Alors que le Conseil national de la Transition (CNT) affirme, dans un communiqué, que les 43 milliards de francs guinéens correspondent à des primes de fin de mission régulièrement approuvées par ses organes compétents et exécutées conformément à la Loi de finances, la Cour de répression des infractions économiques et financières (CRIEF) a décidé d’ouvrir une enquête préliminaire. La justice entend faire la lumière sur des soupçons de détournement de deniers publics, de corruption, de blanchiment de capitaux, d’enrichissement illicite, de faux et usage de faux, ainsi que de complicité, dans un dossier qui suscite un vif débat sur la gouvernance des deniers publics.
Le CNT se défend
Dans un communiqué détaillé, le Conseil national de la Transition rejette toute accusation de détournement et affirme que les montants évoqués correspondent à une décision institutionnelle, régulièrement adoptée par les organes compétents du CNT et inscrite dans la loi de finances.
L’institution précise que, contrairement à certaines affirmations, elle ne peut être considérée comme un « ancien organe de la Transition », la Constitution prévoyant que le CNT demeure en fonction jusqu’à l’installation effective des nouvelles institutions.
Selon le communiqué, la Conférence des présidents avait créé, le 24 mars 2026, une commission chargée d’étudier les droits et avantages de fin de mission des conseillers nationaux et du personnel parlementaire. Les conclusions de cette commission, validées le 13 avril 2026, prévoyaient notamment :
une prime exceptionnelle de 500 millions de francs guinéens pour chacun des 81 conseillers nationaux, représentant un total de 40,5 milliards GNF ;
une enveloppe de 2,5 milliards GNF destinée à récompenser certains agents de l’administration parlementaire pour leur engagement et leurs performances.
Pour le CNT, ces décisions relèvent d’une gestion budgétaire régulière et ne sauraient, à elles seules, constituer des infractions pénales sans preuves matérielles établissant des actes de détournement ou de corruption.
Une décision qui interroge l’opinion
Au-delà de l’aspect strictement judiciaire, cette affaire soulève une question de gouvernance et d’éthique dans la gestion des finances publiques.
Même si ces primes ont été décidées selon une procédure interne et inscrites dans un cadre budgétaire, leur ampleur exceptionnelle suscite de nombreuses interrogations dans un contexte où la Guinée continue de faire face à d’importants défis économiques et sociaux.

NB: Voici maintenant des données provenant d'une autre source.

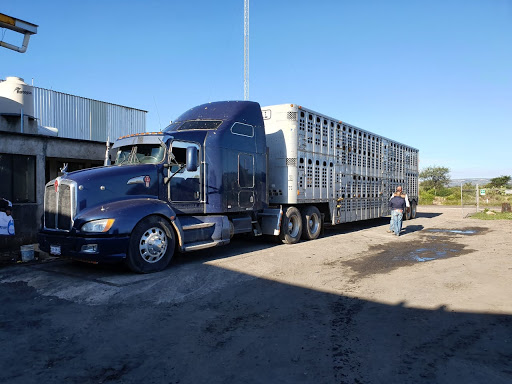 Fundidora Central de Aguascalientes SA de CV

Comment justifier l’attribution de 500 millions de francs guinéens à chacun des conseillers nationaux, alors que ceux-ci ont déjà bénéficié, depuis leur installation en 2022, de rémunérations, indemnités et avantages financés par le budget de l’État ?
À l’heure où de nombreuses collectivités manquent d’écoles, de centres de santé, de routes praticables ou encore d’accès à l’eau potable, une partie de l’opinion publique s’interroge sur l’opportunité d’une telle dépense. Les 43 milliards de francs guinéens mobilisés pour ces primes n’auraient-ils pas pu être orientés vers des investissements répondant à des besoins fondamentaux des populations ?

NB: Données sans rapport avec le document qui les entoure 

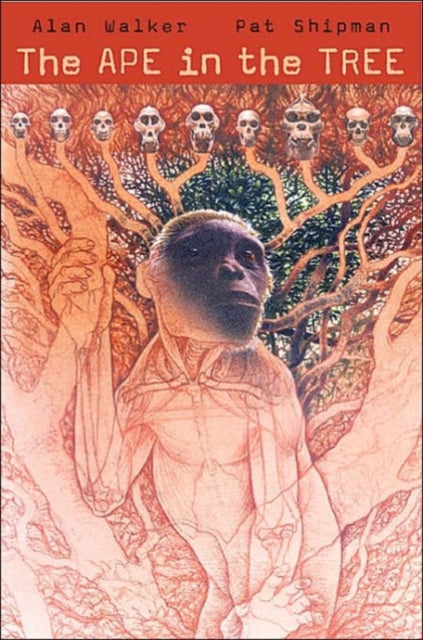 Book cover of: Ape in the Tree. By: Alan Walker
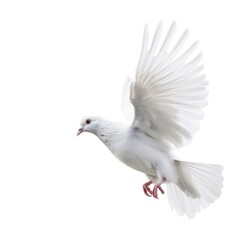 Fototapeta premium White pigeon flying isolated. Illustration AI Generative.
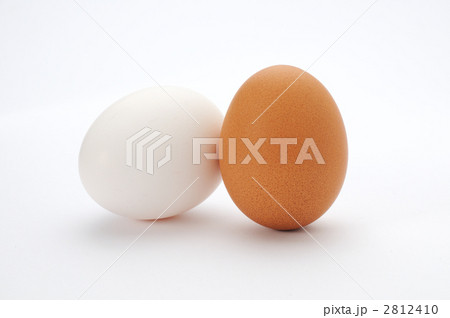 玉子と黄身 玉子と黄身 2812410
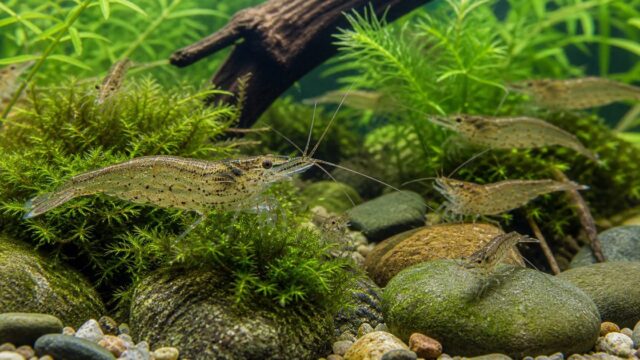 ヌマエビ飼育完全ガイド｜ミナミ・ミゾレ・ヤマト等5種の飼い方・繁殖・混泳の要点を伝える淡水魚記事アイキャッチ画像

L’enquête ouverte par la CRIEF devra désormais déterminer si cette opération relève d’une décision administrative légalement exécutable ou si, comme le soupçonnent les autorités judiciaires, elle pourrait cacher des infractions économiques et financières. Les investigations permettront de faire la lumière sur les conditions de validation, de décaissement et d’utilisation de ces fonds publics.